### What this task involves
Beginning at the line containing "Slainte Irish flag", repeat each line below exactly up to and including the line containing "Miasto w ujęciu interdyscyplinarnym". Do not repeat the pictures.

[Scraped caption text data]

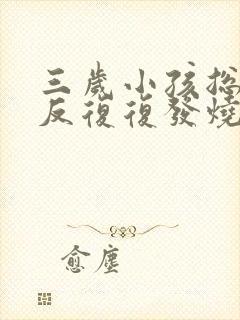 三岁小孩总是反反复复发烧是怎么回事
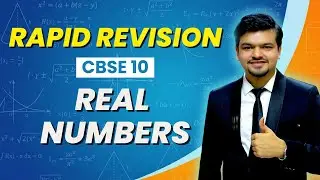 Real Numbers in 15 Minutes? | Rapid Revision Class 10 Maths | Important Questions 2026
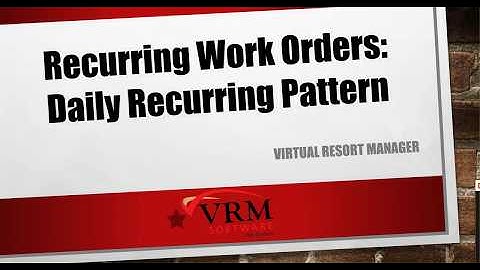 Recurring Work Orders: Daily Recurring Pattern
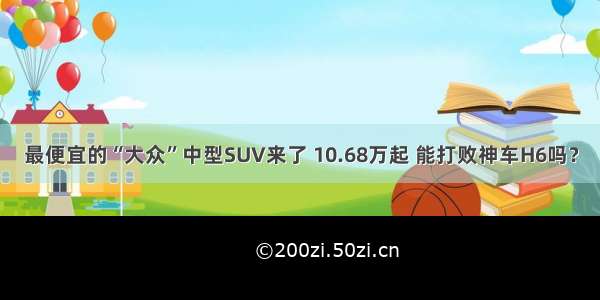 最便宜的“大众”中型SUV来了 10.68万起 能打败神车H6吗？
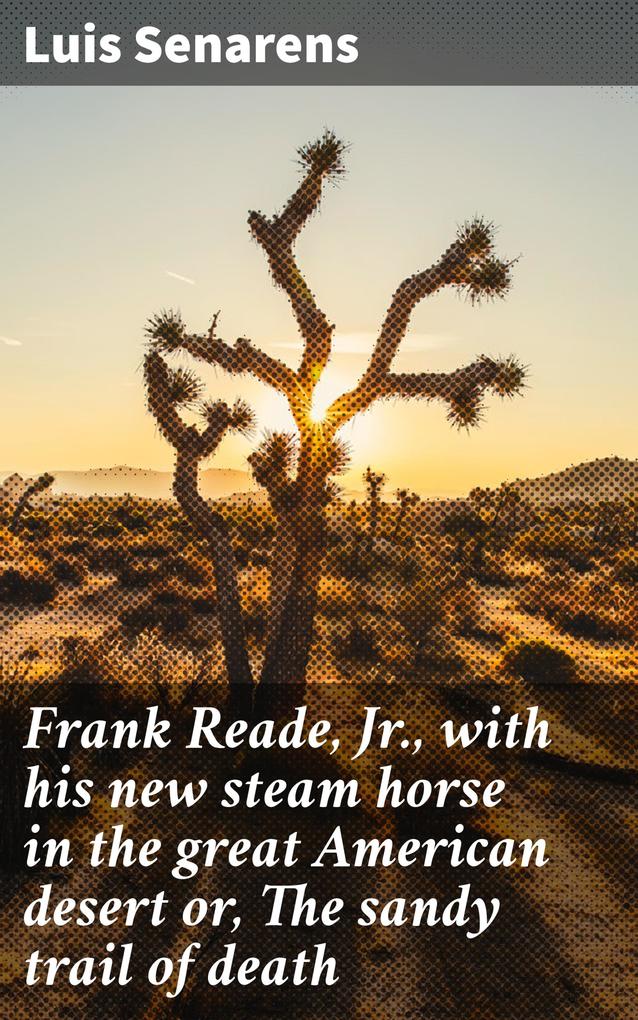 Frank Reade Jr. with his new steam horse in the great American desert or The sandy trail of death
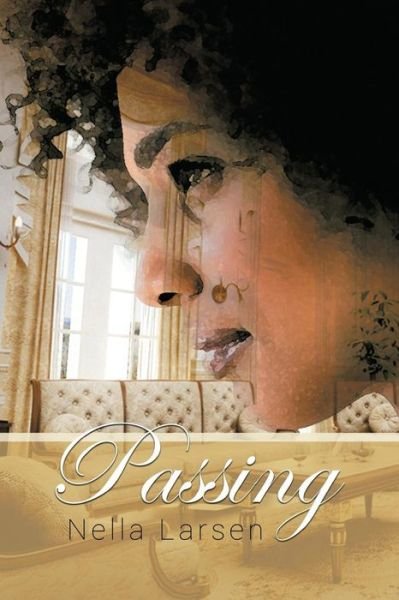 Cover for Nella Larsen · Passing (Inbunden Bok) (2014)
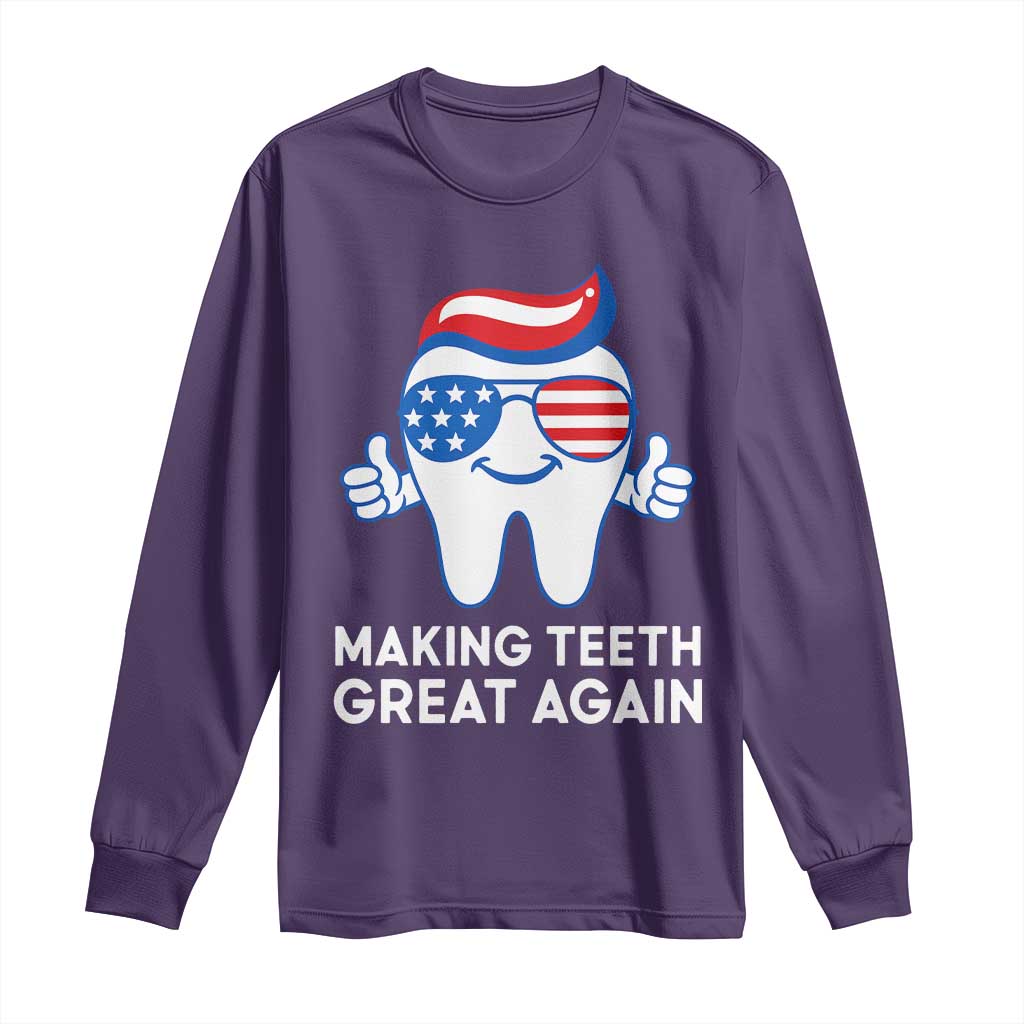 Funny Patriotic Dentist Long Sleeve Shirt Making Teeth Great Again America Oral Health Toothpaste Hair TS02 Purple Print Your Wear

---

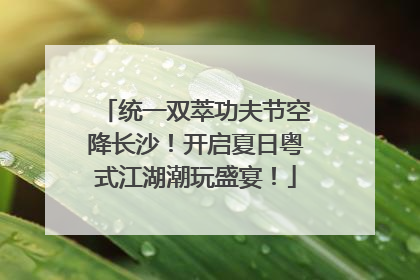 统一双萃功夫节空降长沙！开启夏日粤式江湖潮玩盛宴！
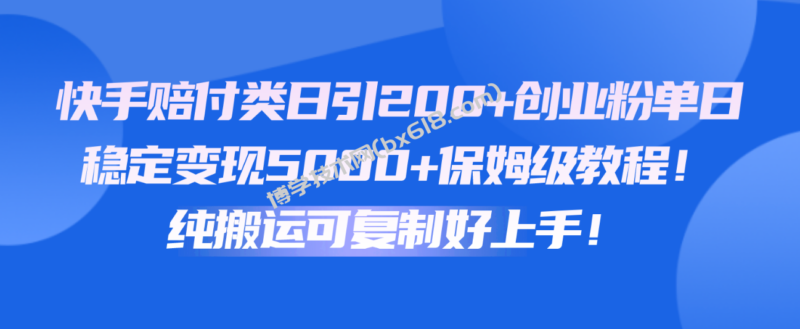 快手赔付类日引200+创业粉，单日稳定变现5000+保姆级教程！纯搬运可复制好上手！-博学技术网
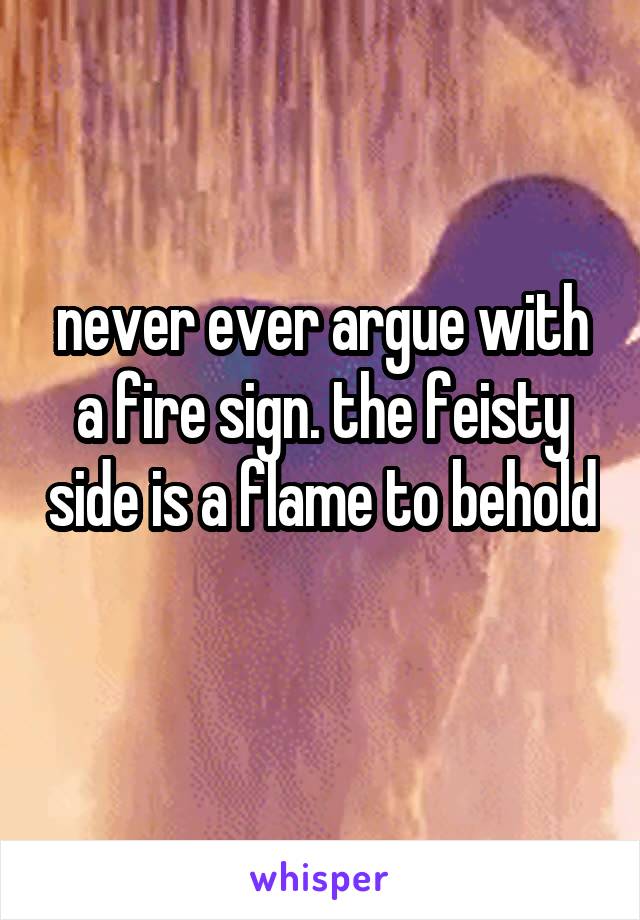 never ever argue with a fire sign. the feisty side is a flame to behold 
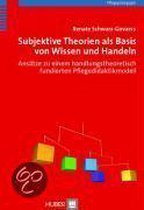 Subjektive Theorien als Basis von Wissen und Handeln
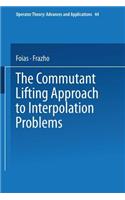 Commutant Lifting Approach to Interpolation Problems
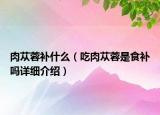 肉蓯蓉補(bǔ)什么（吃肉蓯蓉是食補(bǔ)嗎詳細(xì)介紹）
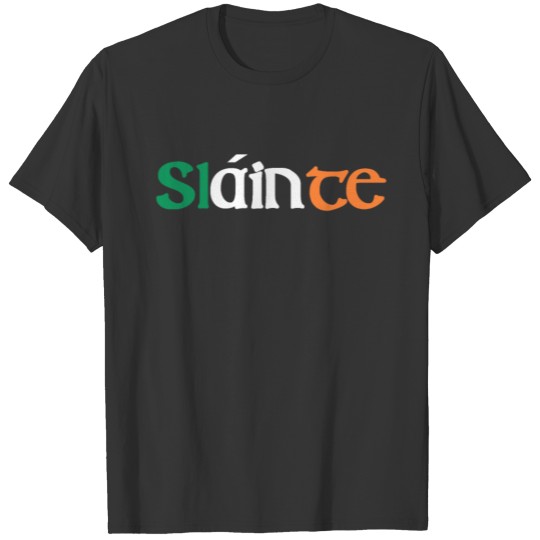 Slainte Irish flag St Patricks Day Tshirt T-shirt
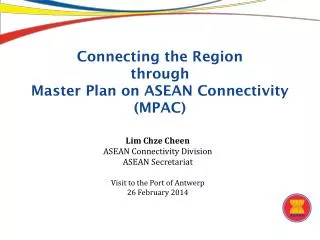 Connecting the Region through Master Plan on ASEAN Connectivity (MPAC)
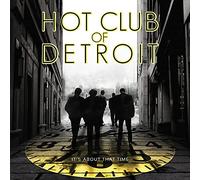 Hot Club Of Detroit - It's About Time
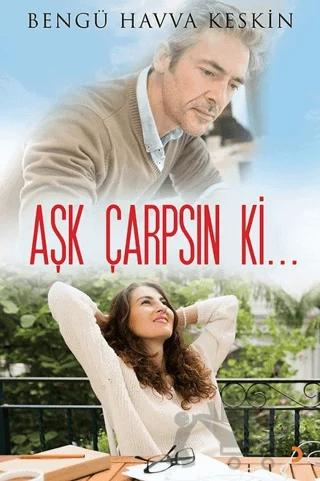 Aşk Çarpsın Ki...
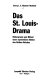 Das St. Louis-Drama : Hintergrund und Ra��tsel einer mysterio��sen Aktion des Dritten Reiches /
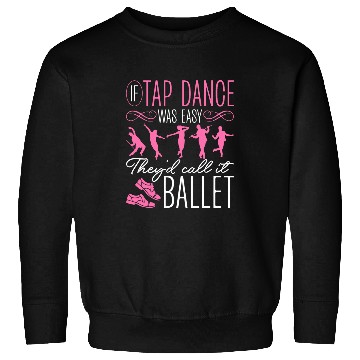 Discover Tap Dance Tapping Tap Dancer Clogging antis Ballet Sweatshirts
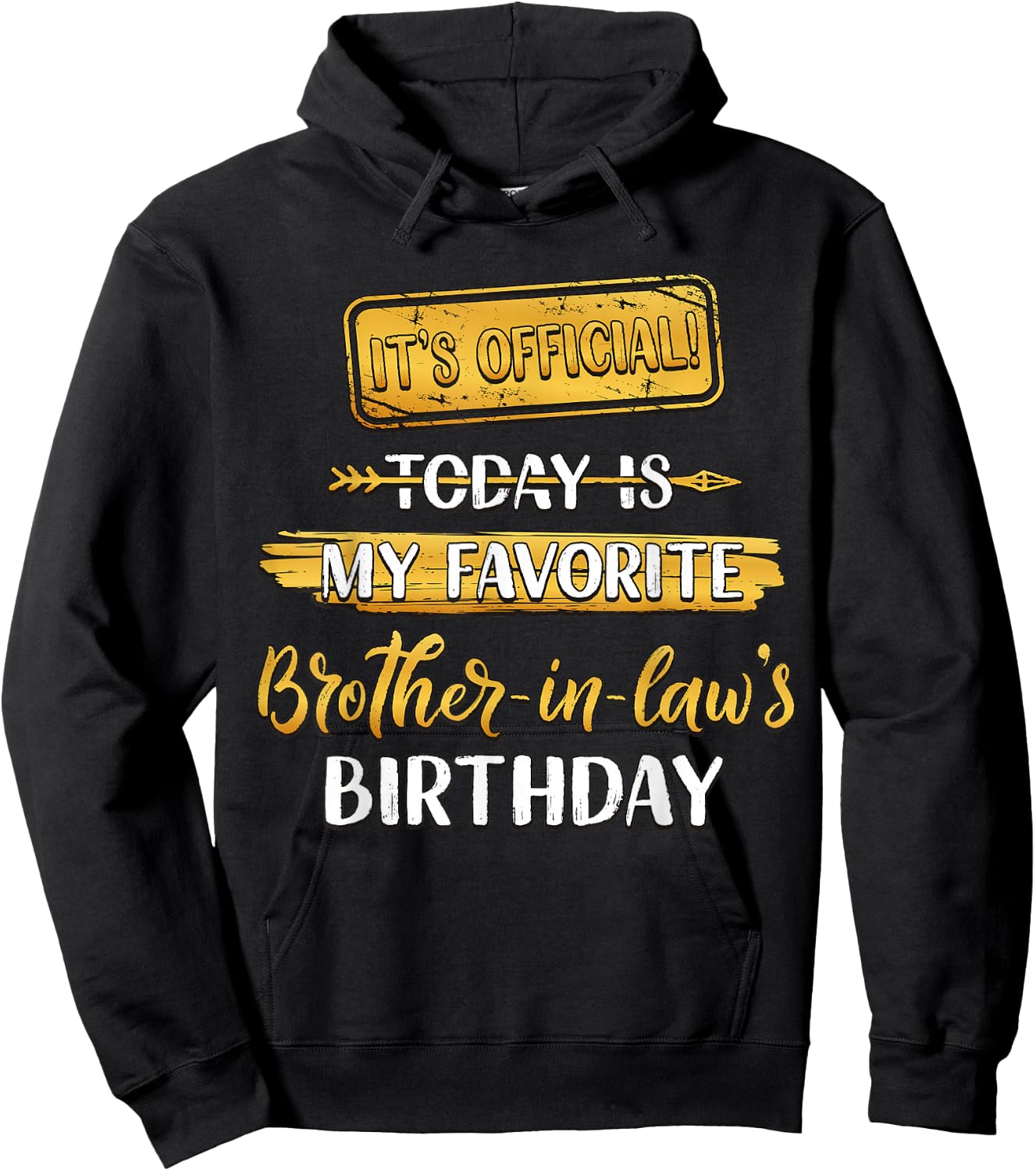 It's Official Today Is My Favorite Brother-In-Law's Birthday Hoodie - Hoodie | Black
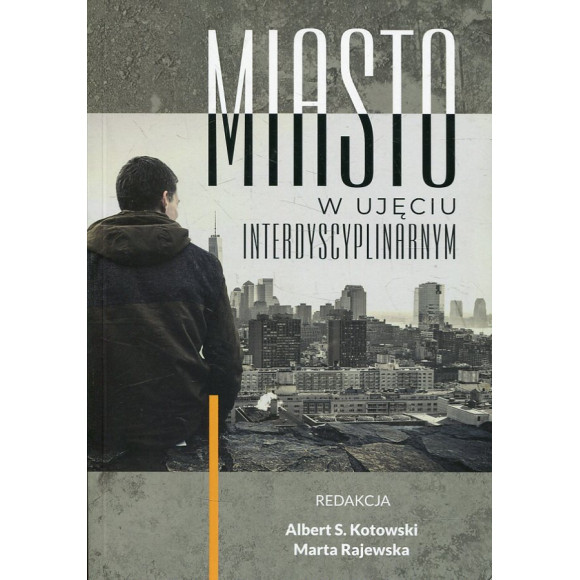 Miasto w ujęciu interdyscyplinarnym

* * *

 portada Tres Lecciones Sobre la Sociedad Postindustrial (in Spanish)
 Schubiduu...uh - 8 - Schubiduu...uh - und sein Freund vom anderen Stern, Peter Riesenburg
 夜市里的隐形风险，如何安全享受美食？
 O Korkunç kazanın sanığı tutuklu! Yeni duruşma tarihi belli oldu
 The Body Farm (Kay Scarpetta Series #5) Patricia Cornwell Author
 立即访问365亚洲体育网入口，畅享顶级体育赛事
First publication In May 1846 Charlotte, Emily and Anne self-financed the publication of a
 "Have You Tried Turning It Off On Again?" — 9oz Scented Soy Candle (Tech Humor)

### Task response
 Slainte Irish flag St Patricks Day Tshirt T-shirt
 Connecting the Region through Master Plan on ASEAN Connectivity (MPAC)
 Hot Club Of Detroit - It's About Time
 Aşk Çarpsın Ki...
 Das St. Louis-Drama : Hintergrund und Ra��tsel einer mysterio��sen Aktion des Dritten Reiches /
 Discover Tap Dance Tapping Tap Dancer Clogging antis Ballet Sweatshirts
 It's Official Today Is My Favorite Brother-In-Law's Birthday Hoodie - Hoodie | Black
 Miasto w ujęciu interdyscyplinarnym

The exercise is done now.